++++ Data ++++

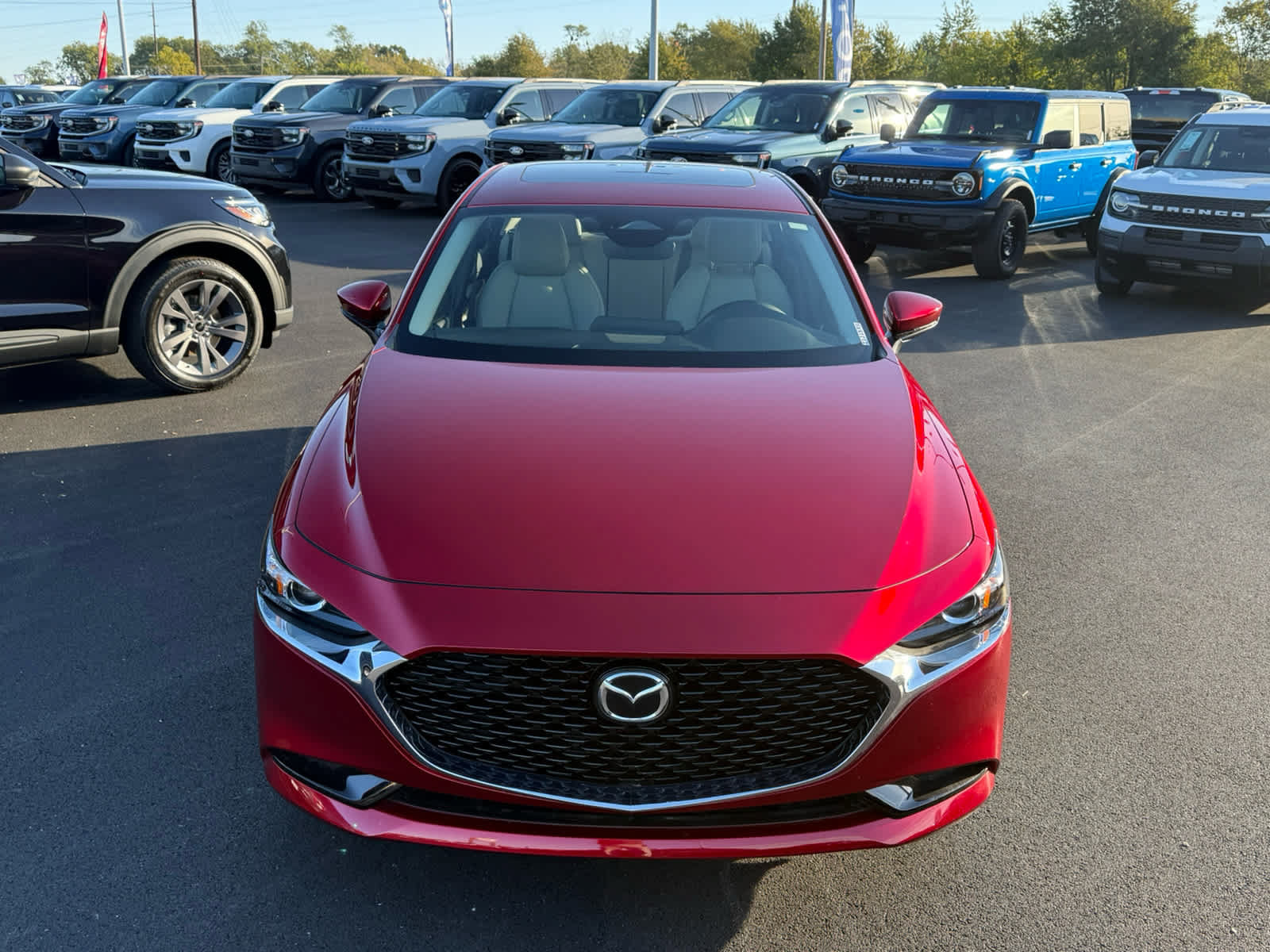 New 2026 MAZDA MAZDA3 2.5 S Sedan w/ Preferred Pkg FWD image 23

++++
++++ Data ++++

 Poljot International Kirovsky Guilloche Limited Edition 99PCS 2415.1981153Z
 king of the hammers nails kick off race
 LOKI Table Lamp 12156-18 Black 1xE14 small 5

++++
++++ Data ++++

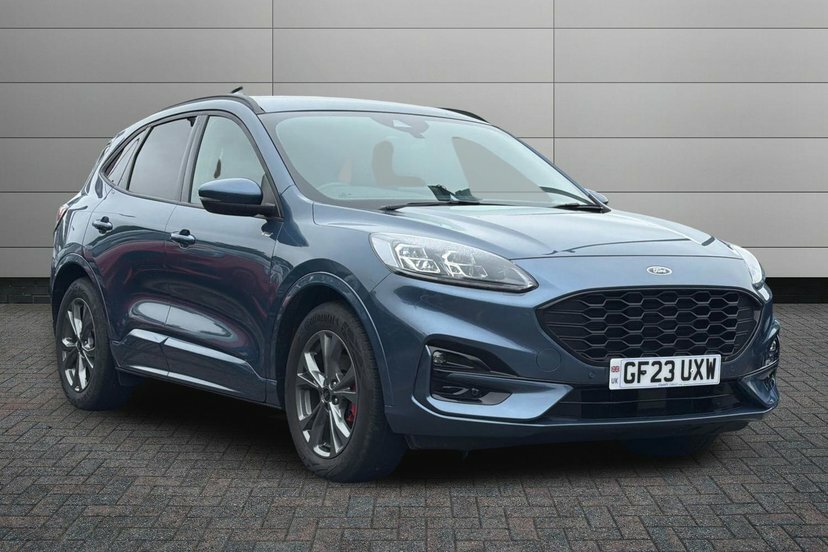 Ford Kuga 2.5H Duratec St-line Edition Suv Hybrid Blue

++++

— Your assignment —
Whatever else the listing above holds, retype exactly only the lines from the one containing "king of the hammers nails kick off race" to the one containing "LOKI Table Lamp 12156-18 Black 1xE14 small 5", both ends kept.

— Output below —
 king of the hammers nails kick off race
 LOKI Table Lamp 12156-18 Black 1xE14 small 5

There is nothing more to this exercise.